Well, I do recognize some of those. Anyway, they seem to be aiming for ways of allowing people to spend more time in such peak states. Which would be splendid, of course.
[ | 2004-04-22 10:41 | 7 comments | PermaLink ]  More >


Monday, April 19, 2004day link 

 Flow of creativity
picture Via Local Thoughts, a little creative exercise:
1. Grab the nearest book
2. Open the book on page 23.
3. Find the fifth sentence.
4. Post the text of the sentence in your journal along with these instructions.
The nearest book I grabbed blindly from the shelf was the Webster's College Dictionary.
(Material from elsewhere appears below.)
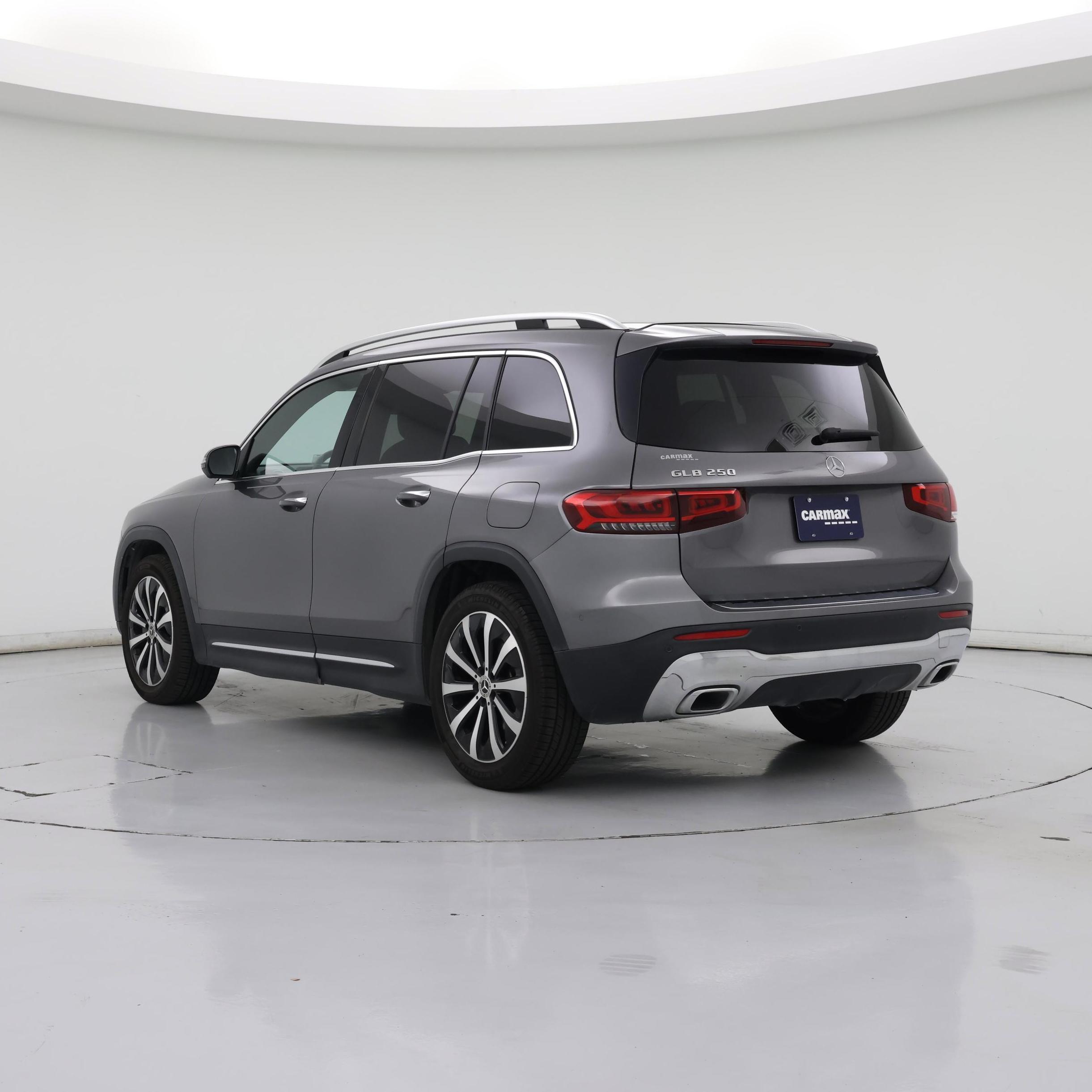 Thumbnail: 2022 Mercedes-Benz GLB - 2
Now, I'm not sure if in this case I should pick literally the 5th sentence or the 5th word defined. But, magically, they're talking about the same thing. 5th sentence is part of the definition of "affluence":
a flowing to or toward some point; afflux.
And the 5th word defined is "afflux", which means:
1. something that flows to or toward a point, e.g. "an afflux of blood to the head". 2. the act of flowing to or toward some point.
So, afflux or affluence is when something flows towards a point. If you want an affluence of something, you need to make it flow towards a point. That's sort of simple and basic, but a very useful thing to pay attention to. If I want an affluence of money, money needs to be flowing towards a point, such as my bank account.